Yeah. The rest of the meal was fine, but I would make another reservation just to have this again. And up size it too, while I’m at it.
Funny how like tends to attract like. Just as I finish off the greatest savoury cheese course I’ve ever had, comes the greatest cheesecake I’ve ever had. I mentioned in the heading hyperlink that if you’ve visited Japan, like cheese and haven’t had LeTAO’s products, you haven’t visited Japan as far as I’m concerned.
This may be mass-produced, but there’s more under the surface – literally. Hokkaido milk & Italian Mascarpone come together to marry a raw and a baked layer, producing two different textures and flavours into a harmonious whole. This proves that heaven is a two-tiered, and both feature cheese.
Scientific research has shown that cheese can be ‘as addictive as hard drugs’, triggering some of the same receptors in the brain. God, I am so screwed if LeTAO ever begins distributing here. Back when I first discovered this cake, I would buy one and fully solo it in one sitting. It felt so bad.
But so good.
Seriously, it’s just shaved ice, man.
And yet, here we are. A bowl of H2O, albeit in a different state, with a sugary calories strategically placed with care in both location and concentration, producing one of the most wonderfully complete dishes since ice cream for breakfast became a thing. I am fully aware of my Japan bias when I say that kakigōri sits at the pinnacle of shaved ice desserts in the same way that Everest is the pinnacle of all mountains: both are damn cool. I like it more than than bingsoo (which I rate as a close second), Taiwanese-style snow ice (third), ice kacang (I’ve only ever had coarse, ‘rough’ versions that have never done it for me), or Hawaiian snow cones.

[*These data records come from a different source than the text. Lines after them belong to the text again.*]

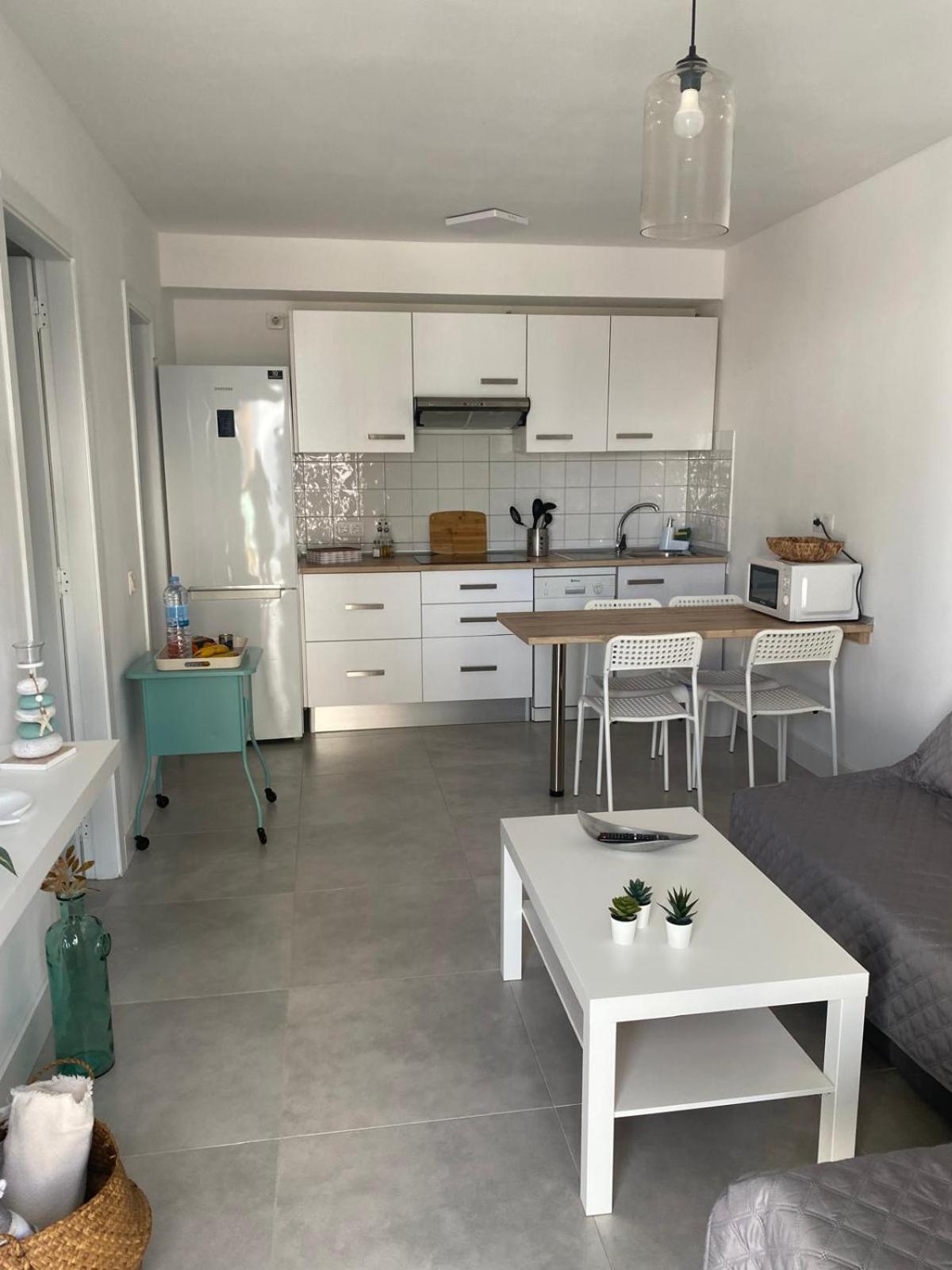 Cotillo Eksteriør bilde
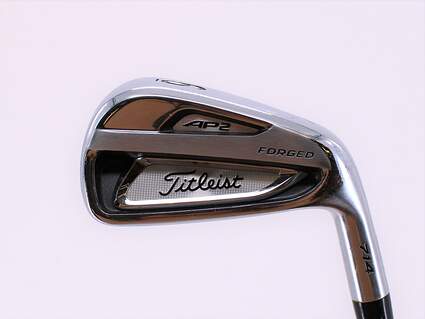 Titleist ap2 714 3 iron Clearance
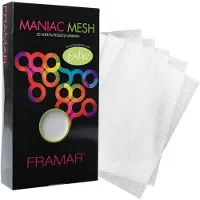 Framar Maniac Mesh Color Blocking
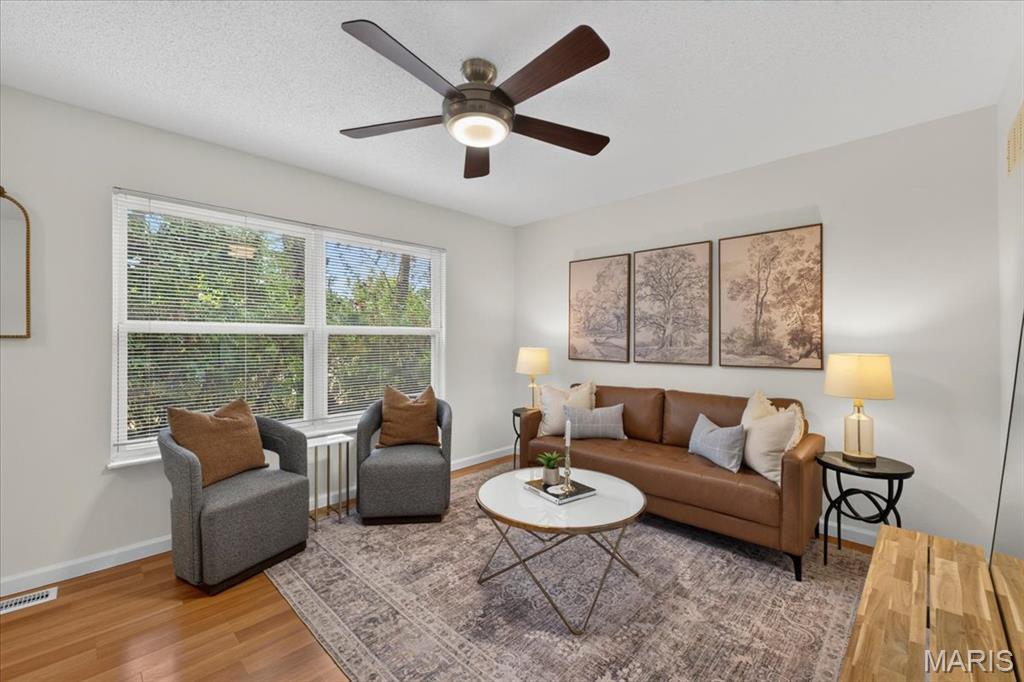 Colony Woods Condo - Residential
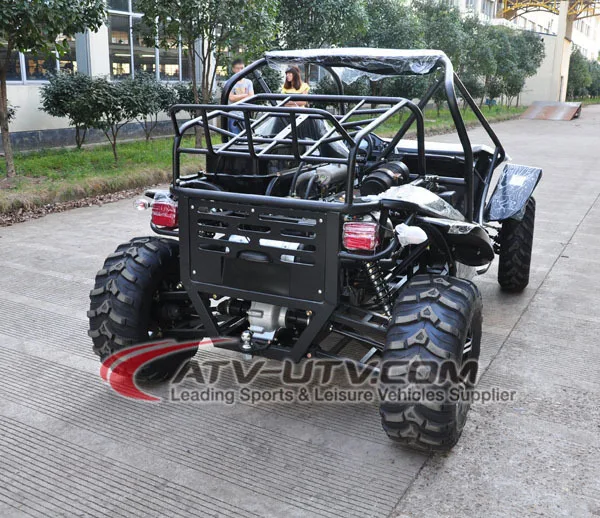 cheapest 500cc karting with antomatic CVT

The cliché of Japanese refinement is once again the simple reason why a bowl of water and some syrups can snowball itself into a top ten list.

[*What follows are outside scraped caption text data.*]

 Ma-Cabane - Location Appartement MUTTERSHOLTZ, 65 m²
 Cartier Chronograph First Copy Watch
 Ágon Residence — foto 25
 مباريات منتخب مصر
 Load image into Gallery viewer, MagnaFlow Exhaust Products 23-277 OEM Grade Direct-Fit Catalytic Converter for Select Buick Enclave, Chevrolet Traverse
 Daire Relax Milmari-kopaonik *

Kakigōri is layered slowly and carefully, with sweetening agents (almost always natural, of course) interspersed such that each spoonful is full of flavour without being overly sweet. The whole show is then often topped by a layer of cream that represents the overall intended flavour. As you can imagine, seasonal variants exist.
Mayoor Tea House produces the best Kakigōri I’ve personally had (though shoutouts to last year’s Kurogi). It’s everything in the last paragraph, but as close to perfection as I’ve come across. My flavour pick: avocado milk. It might change your life in a way that avocado on toast never could. It did for me.
Speaking of life-changing desserts, The Fat Duck’s bortrytis cinerea fits the bill, notwithstanding the $500+ bill to get a hold of it via the restaurant’s tasting menu. This is still my favourite dessert of all time for reasons that go beyond the dish’s technical brilliance and execution. My first visit to The Duck was one of the best meals of my life and is an experience that is unlikely to be ever replicated again. You only fall in love like that once in your life. As such, the reasons for its inclusion here are about as irrational as I’ll get.
I’ve been fortunate to have had this masterpiece grace my belly twice more on two subsequent visits to Heston’s maniacal temple of theatrical gastronomy. It’s a dessert requiring enough steps to constitute its own recipe book, with a result that elevates the humble grape to the highest levels. Then again, that it uses the greatest dessert wine in the world as a key element kinda helps. You can certainly make the argument that the return on investment (both in cost and technical difficulty) is low – think of all the gelato you can get for the cost of one of these! But that’s not how life works, and I’m quite okay with that.
All this, from a fungal rot. Oh food, you can be so funny sometimes.
Man, 2019 has some huge shoes to fill. I can’t wait to eat what’s next 😀
This post is based entirely on independently-paid visits to all venues featured in the post.